Short descriptive text snippets
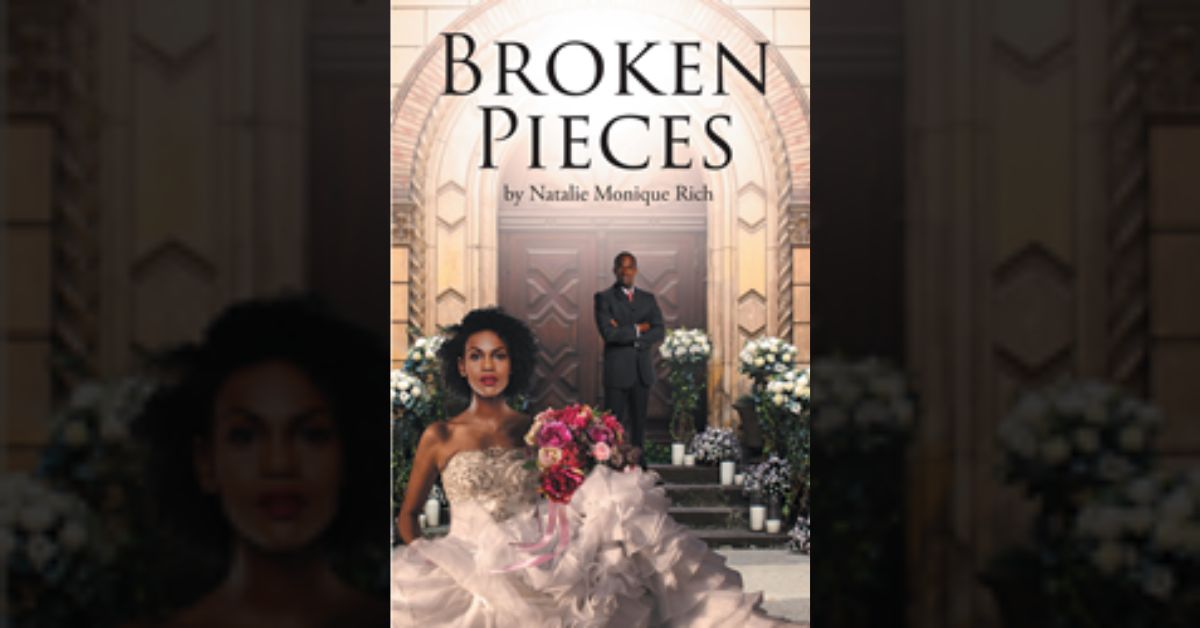 Natalie Monique Rich’s new book “Broken Pieces” is an inspiring novel that follows the story of a young woman growing up and learning all life’s lessons 1 Natalie Monique Rich’s new book “Broken Pieces” is an inspiring novel that follows the story of a young woman growing up and learning all life’s lessons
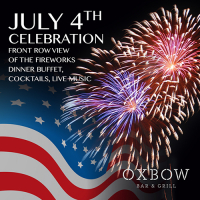 July 4th Celebration and Downtown Fireworks at Oxbow Bar and Grill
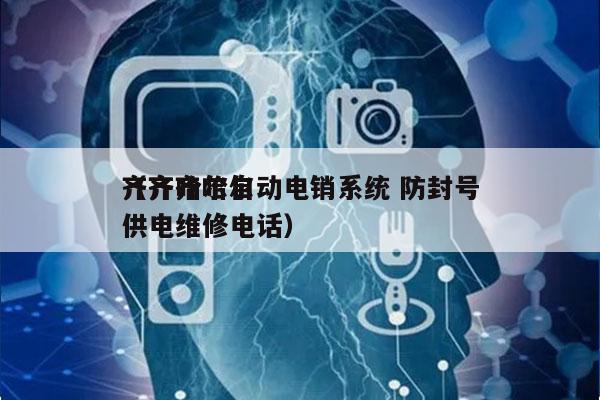 齐齐哈尔自动电销系统 防封号
（齐齐哈尔供电维修电话）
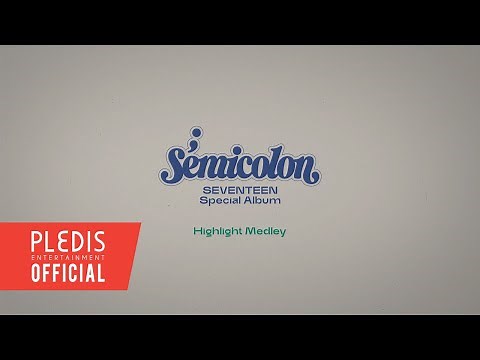 SEVENTEEN (세븐틴) Special Album '; [Semicolon]' Highlight Medley
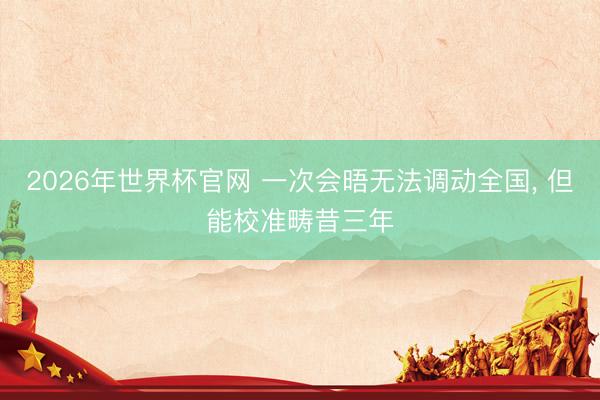2026年世界杯官网 一次会晤无法调动全国， 但能校准畴昔三年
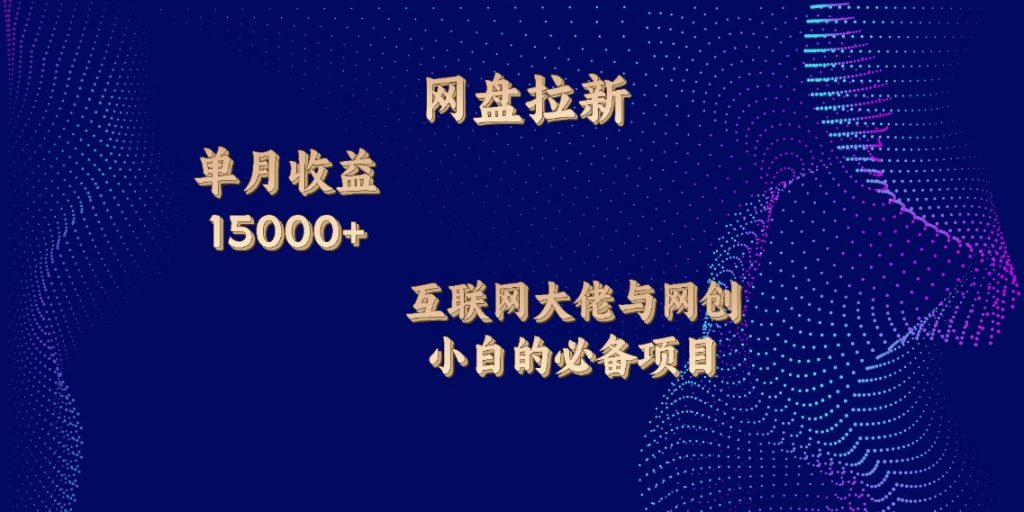 网盘拉新，单月收入10000+，互联网大佬与副业小白的必备项目-启航资源站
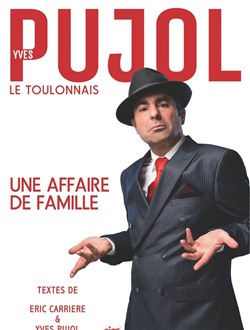 Affiche de Yves Pujol dans Une affaire de famille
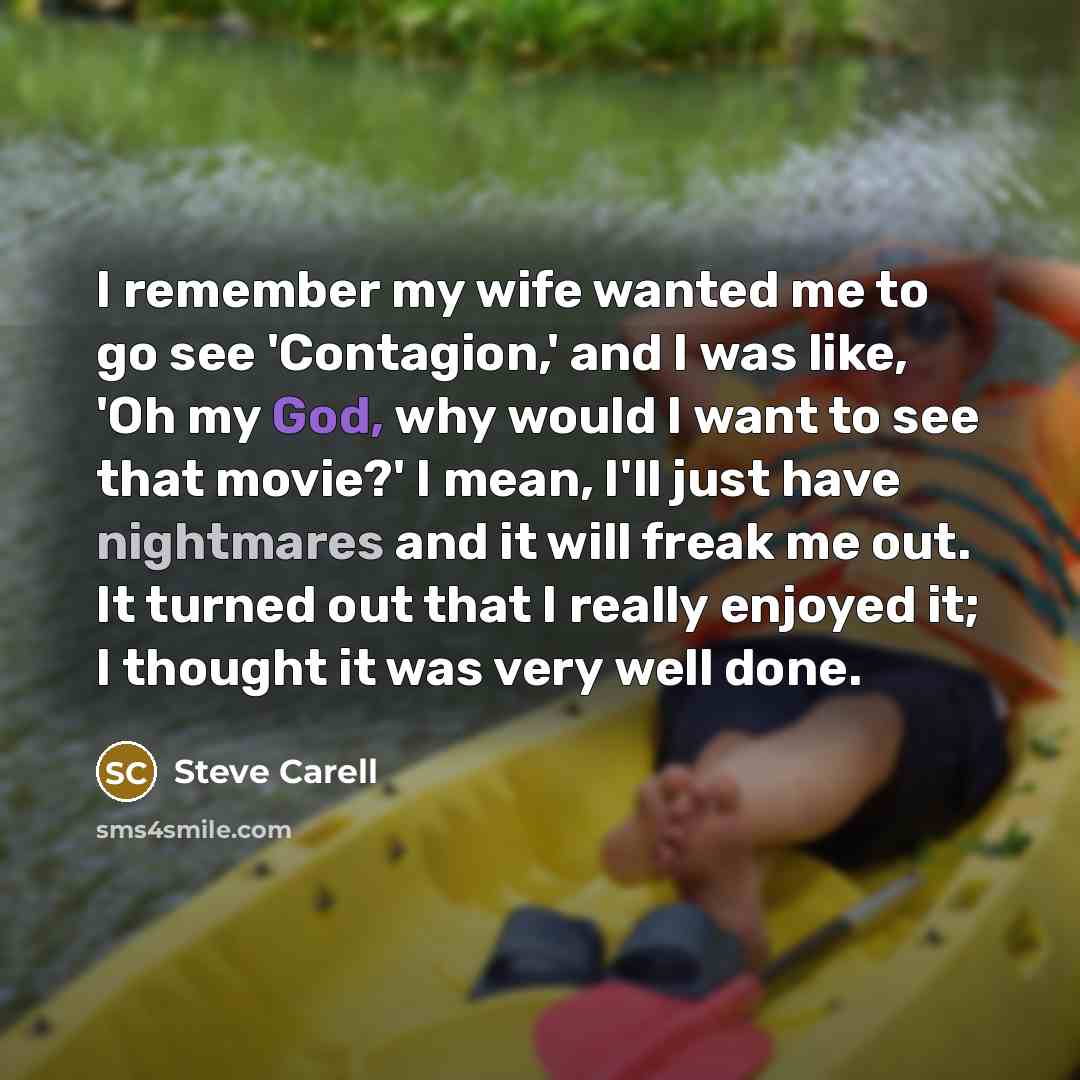 “I remember my wife wanted me to go see 'Contagion,'…” quote by Steve Carell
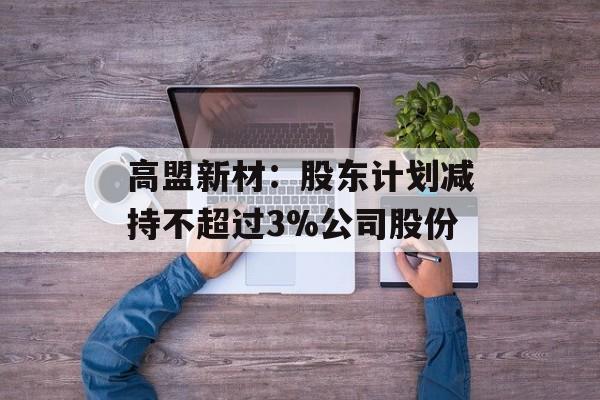 高盟新材:股东计划减持不超过3%公司股份 高盟新材:股东计划减持不超过3%公司股份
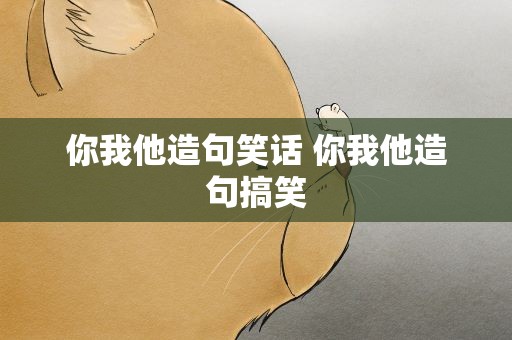 你我他造句笑话 你我他造句搞笑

◆ Exercise aim: Do not copy pictures. Restate exactly the lines from the one containing "齐齐哈尔自动电销系统 防封号" through the last line of the records.

◆ Response for this exercise:
 齐齐哈尔自动电销系统 防封号
（齐齐哈尔供电维修电话）
 SEVENTEEN (세븐틴) Special Album '; [Semicolon]' Highlight Medley
2026年世界杯官网 一次会晤无法调动全国， 但能校准畴昔三年
 网盘拉新，单月收入10000+，互联网大佬与副业小白的必备项目-启航资源站
 Affiche de Yves Pujol dans Une affaire de famille
 “I remember my wife wanted me to go see 'Contagion,'…” quote by Steve Carell
 高盟新材:股东计划减持不超过3%公司股份 高盟新材:股东计划减持不超过3%公司股份
 你我他造句笑话 你我他造句搞笑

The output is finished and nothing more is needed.